Gorgias miró alrededor, pero no obtuvo respuesta. Entonces, a pocos pasos de donde se encontraba, vio un cuerpo inerte cubierto por una sábana.
—La encontró Zenón en el taller, acurrucada bajo un murete —dijo Rutgarda sollozando.
—¡No! ¡No! ¡Por todos los Santos! No es cierto.
Gorgias se levantó y corrió hacia el lugar donde yacía el cuerpo. El sudario que la protegía estaba marcado con una grotesca cruz blanca, por cuyo extremo asomaba un miembro calcinado. Gorgias retiró la sábana y sus pupilas se dilataron por el horror. Las llamas habían devorado el cuerpo hasta transformarlo en una irreconocible figura de carne y piel abrasada. Sus ojos no quisieron creerlo, pero todo se le derrumbó cuando reconoció los jirones del vestido azul de su hija, el que ella tanto adoraba.

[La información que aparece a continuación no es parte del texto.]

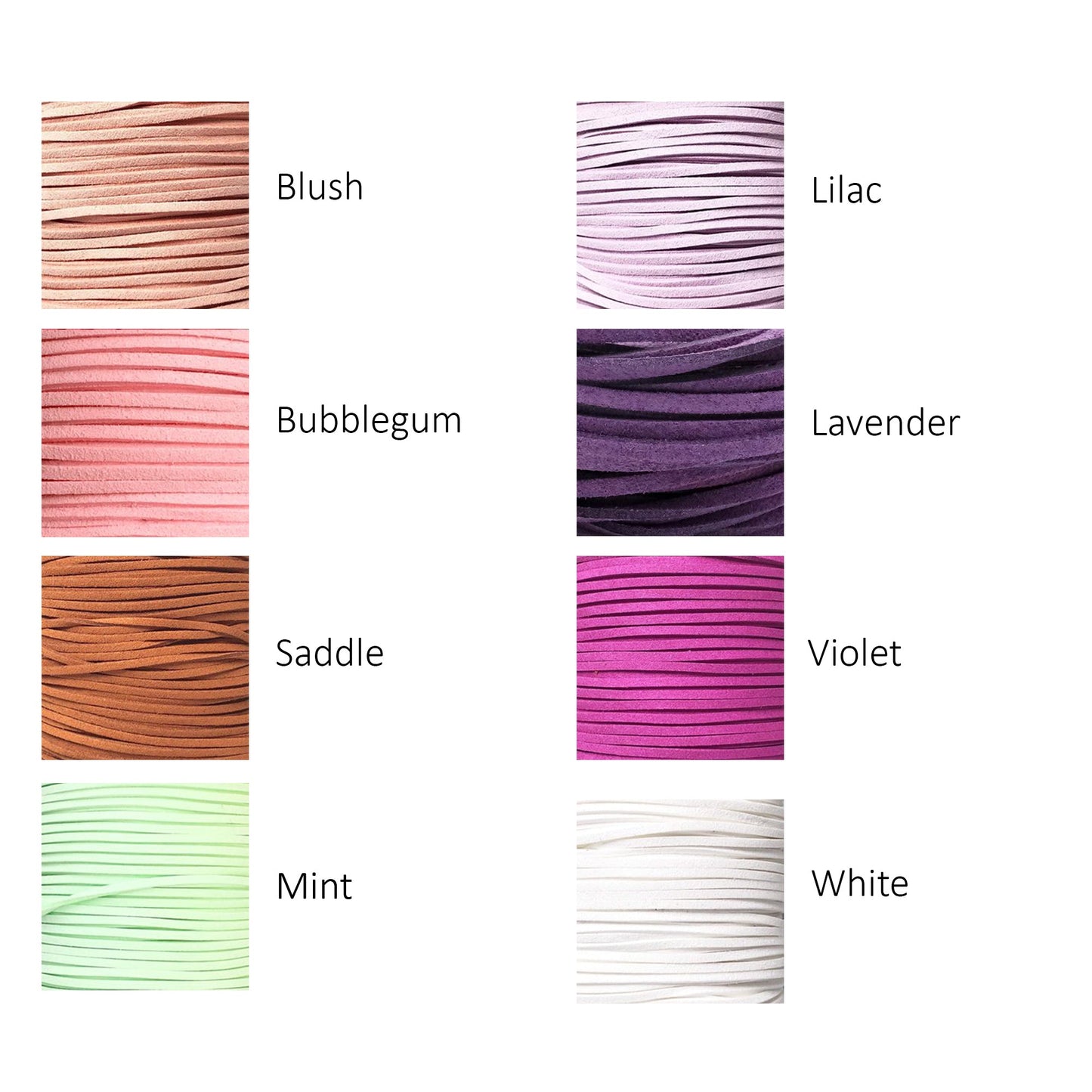 Itty Bitty Suede Bows – 14 Colours Available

Desde primera hora de la tarde, la gente se fue agolpando a las puertas de la iglesia para la celebración de los funerales. Varios chiquillos reían y parloteaban jugando a esquivar los empellones de los mayores, mientras los más irreverentes se burlaban de las mujeres, a quienes intentaban molestar imitándolas en sus llantos. Un grupo de ancianas envueltas en oscuras pellizas se había congregado en torno a Brunilda, una viuda acusada de regentar un negocio de mancebía, que solía estar al tanto de cualquier acontecimiento. La mujer concitó la atención de sus compañeras al sugerir que la causante del fuego había sido la hija del escriba, y que durante el incendio no sólo se habían producido víctimas, sino que además, como auténtica desgracia, había ardido un lote de provisiones que Korne mantenía oculto en sus almacenes.
Continuamente se formaban corros en los que se discutía sobre el número de heridos, se escenificaba la gravedad de las quemaduras o se especulaba sobre las causas del incendio. De vez en cuando alguna mujer corría de un lado a otro con la sonrisa en la boca, ansiosa por compartir las últimas habladurías. Sin embargo, y pese a la animación del momento, la llegada del conde Wilfred y su tiro de perros fue acogida con alivio, porque la lluvia comenzaba a arreciar y escaseaban los lugares donde protegerse.
Nada más abrirse la cancela, los asistentes se apresuraron a ocupar los mejores lugares. Como de costumbre, los hombres se acomodaron en los puestos próximos al altar, dejando para las mujeres y los niños los sitios más retrasados. La primera fila, reservada para los padres de los fallecidos, la ocupaban
el
percamenarius
y su esposa. Junto a ellos descansaban sobre sendos sacos de paja los dos hijos heridos en el incendio. El cadáver del menor, Celías, yacía envuelto en un sudario de lino junto al cuerpo de Theresa. Los difuntos yacían sobre una mesa instalada para la ocasión frente al altar mayor. Gorgias y Rutgarda habían declinado la invitación de Wilfred y se habían situado más atrás para evitar cualquier confrontación con Korne.